• Aim of the task: Within the lines below, the span from the line with "How MEP Systems" to the line with "Total Graph of Vlash", both ends included, is to be reproduced exactly, with pictures omitted.

START Information shown

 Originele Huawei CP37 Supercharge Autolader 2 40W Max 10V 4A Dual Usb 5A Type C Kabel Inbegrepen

END Information shown
START Information shown

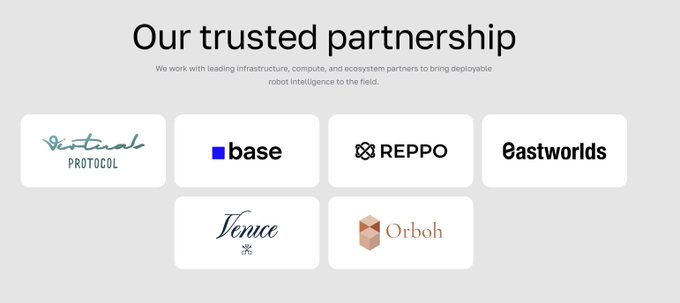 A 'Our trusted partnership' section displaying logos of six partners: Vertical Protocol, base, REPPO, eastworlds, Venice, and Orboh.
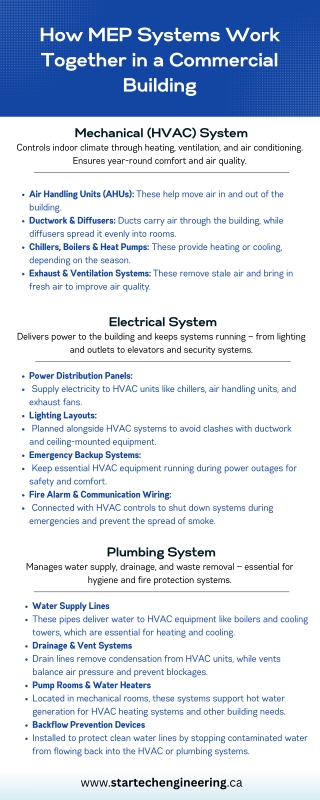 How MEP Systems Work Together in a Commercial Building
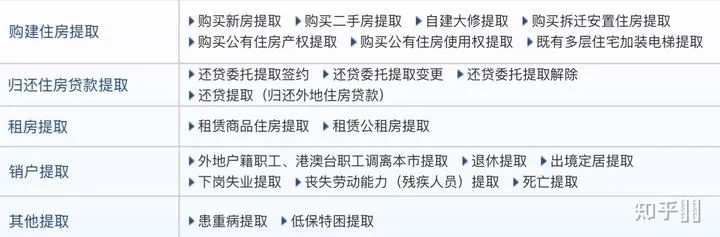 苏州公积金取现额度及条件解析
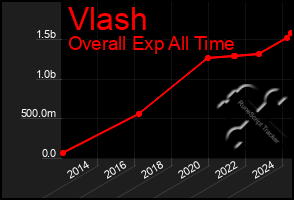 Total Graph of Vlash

END Information shown
START Information shown

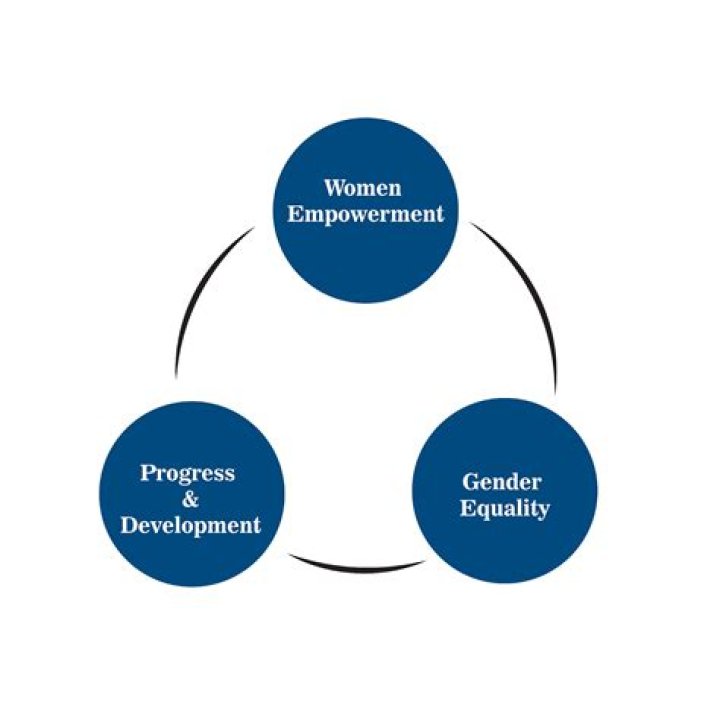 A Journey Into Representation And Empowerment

END Information shown

• The answer:
 How MEP Systems Work Together in a Commercial Building
 苏州公积金取现额度及条件解析
 Total Graph of Vlash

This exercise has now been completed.